We should provide a constructor that returns a pointer to the struct. This is important in case we need to maintain state in the struct.

func NewDNSProviderBestDNS(apiAuthToken string) (*DNSProviderBestDNS, error) {
	return &DNSProviderBestDNS{apiAuthToken: apiAuthToken}, nil
}

Now we need to implement the interface. We’ll start with the Present method. You’ll be passed the domain name for which you’re proving ownership, a token, and a keyAuth string. How your provider uses token and keyAuth, or if you even use them at all, depends on the challenge type. For DNS-01, we’ll just use domain and keyAuth.

func (d *DNSProviderBestDNS) Present(domain, token, keyAuth string) error {
    info := dns01.GetChallengeInfo(domain, keyAuth)
    // make API request to set a TXT record on fqdn with value and TTL
    return nil
}

After calling dns01.GetChallengeInfo(domain, keyAuth), we now have the information we need to make our API request and set the TXT record:

  • FQDN is the fully qualified domain name on which to set the TXT record.
  • EffectiveFQDN is the fully qualified domain name after the CNAMEs resolutions on which to set the TXT record.
  • Value is the record’s value to set on the record.

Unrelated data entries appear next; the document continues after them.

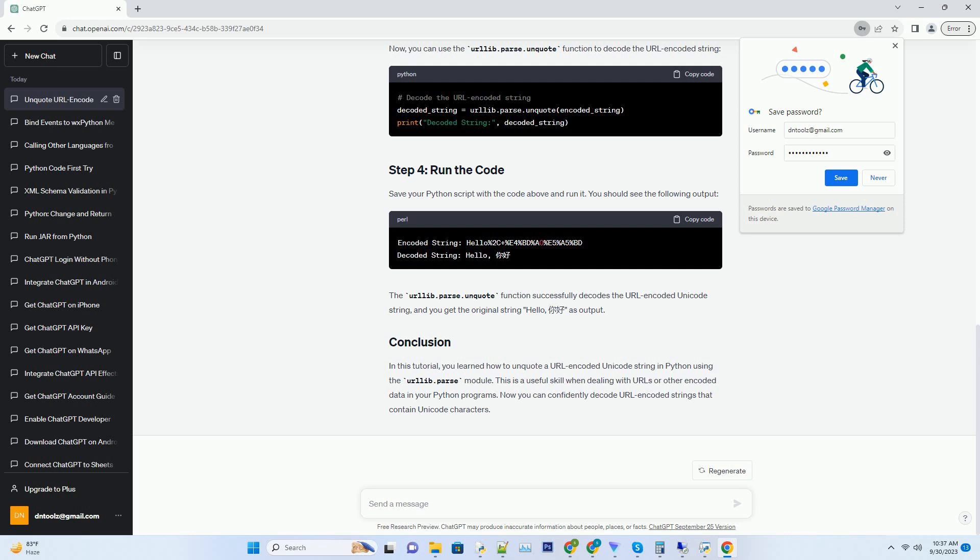Now you can confidently decode URL encoded strings that contain Unicode characters.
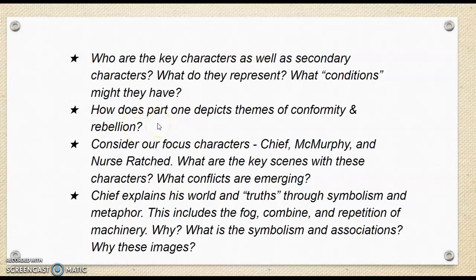Next: how does part one depict themes of conformity and rebellion? I made the claim in seminar earlier before I left that I don't think the book is actually entirely focused on mental health. I think it is a book about rebellion and conformity and society — who fits into society and who doesn't, and how does society 'fix' them?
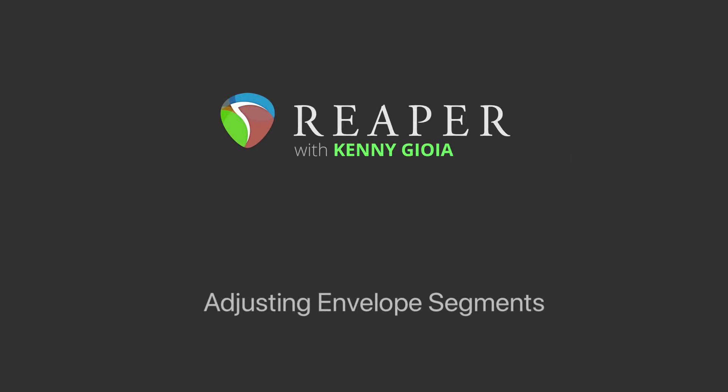Hi, I'm Kenny Gioia. Welcome to another one of my tutorials. In this video, I'm going to show you how to adjust envelope segments in Reaper.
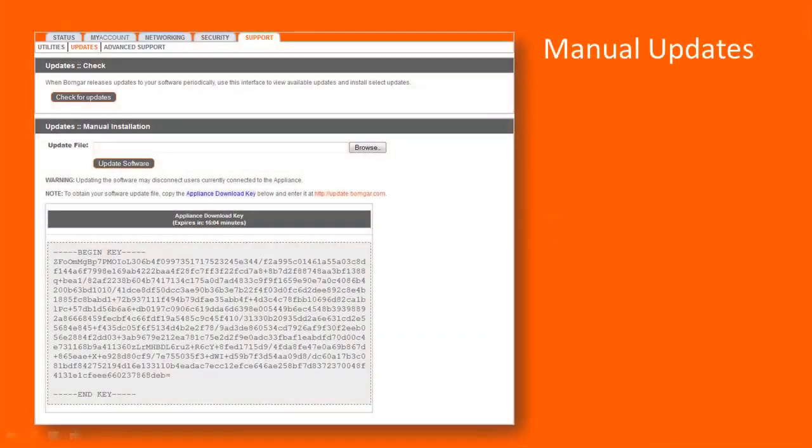Manually check for updates by generating a unique appliance key and submitting it to BOMGAR's update server. Because updates can be downloaded to a removable storage device and then transferred to your appliance, you can securely and efficiently keep your BOMGAR software up-to-date, regardless of your appliance's network location.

So then you make an API request to the DNS service according to their docs. Once the TXT record is set on the domain, you may return and the challenge will proceed.

The ACME server will then verify that you did what it required you to do, and once it is finished, lego will call your CleanUp method. In our case, we want to remove the TXT record we just created.

func (d *DNSProviderBestDNS) CleanUp(domain, token, keyAuth string) error {
    // clean up any state you created in Present, like removing the TXT record
}

In our case, we’d just make another API request to have the DNS record deleted; no need to keep it and clutter the zone file.

Using your new challenge.Provider

To use your new challenge provider, call client.Challenge.SetDNS01Provider to tell lego, “For this challenge, use this provider”. In our case:

bestDNS, err := NewDNSProviderBestDNS("my-auth-token")
if err != nil {
    return err
}

client.Challenge.SetDNS01Provider(bestDNS)

Then, when this client tries to solve the DNS-01 challenge, it will use our new provider, which sets TXT records on a domain name hosted by BestDNS.

That’s really all there is to it. Go make awesome things!